WHAT THIS TASK INVOLVES:
Write out exactly every line from the one containing "Volvo 9700 von" through the final line of the material below, both included. Pictures are to be skipped.

PROVIDED DATA:
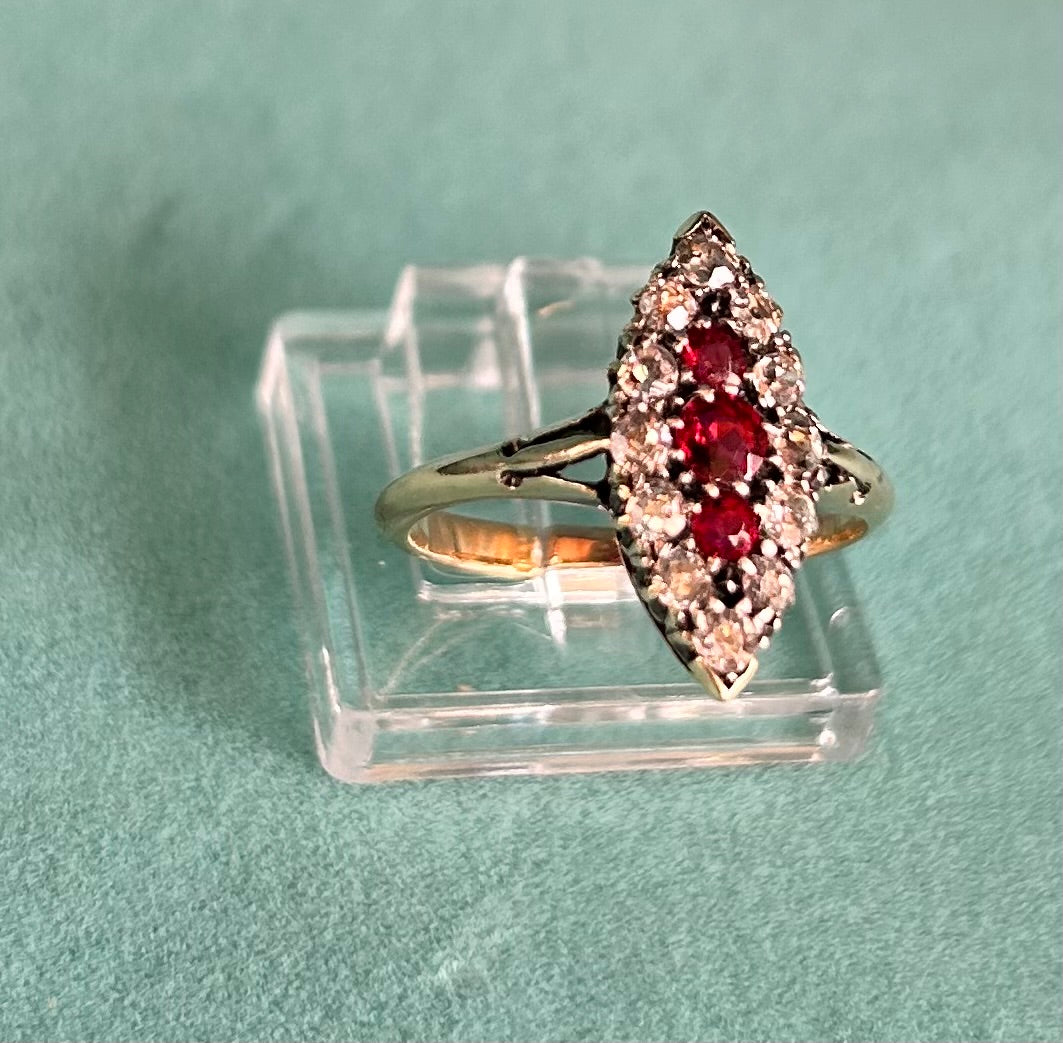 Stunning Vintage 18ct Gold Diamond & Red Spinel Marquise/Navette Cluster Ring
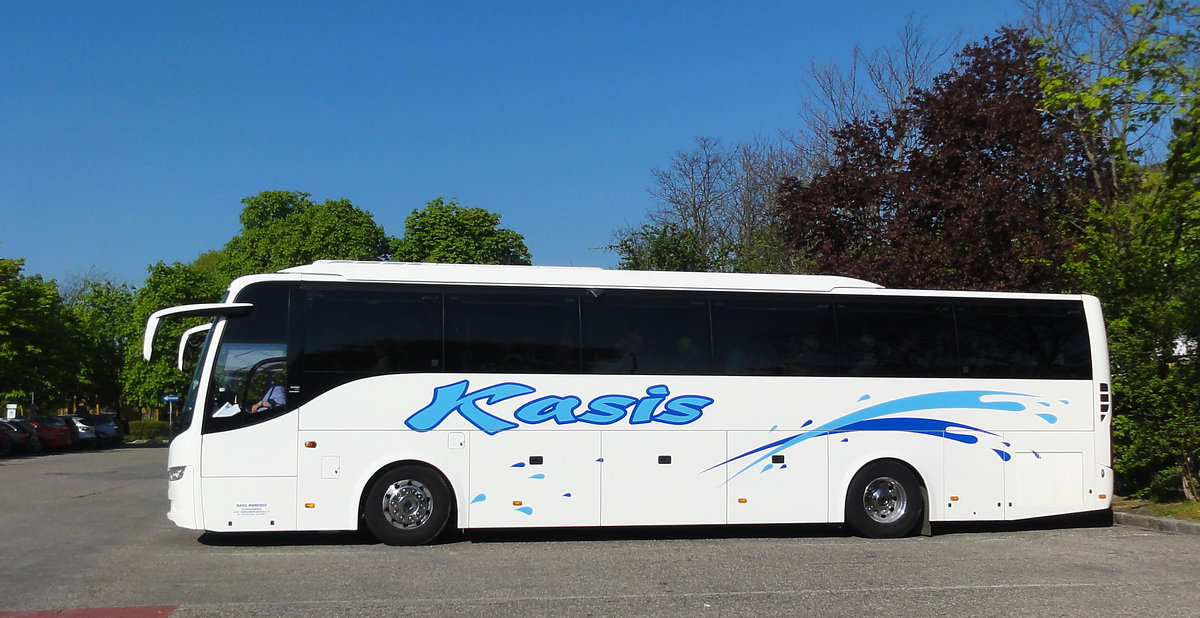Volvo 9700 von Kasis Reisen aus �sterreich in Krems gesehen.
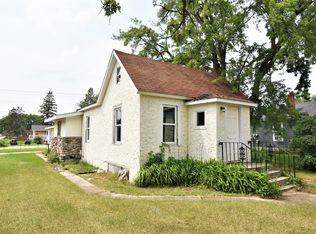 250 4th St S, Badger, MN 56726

ANSWER TO THIS PROBLEM:
Volvo 9700 von Kasis Reisen aus �sterreich in Krems gesehen.
 250 4th St S, Badger, MN 56726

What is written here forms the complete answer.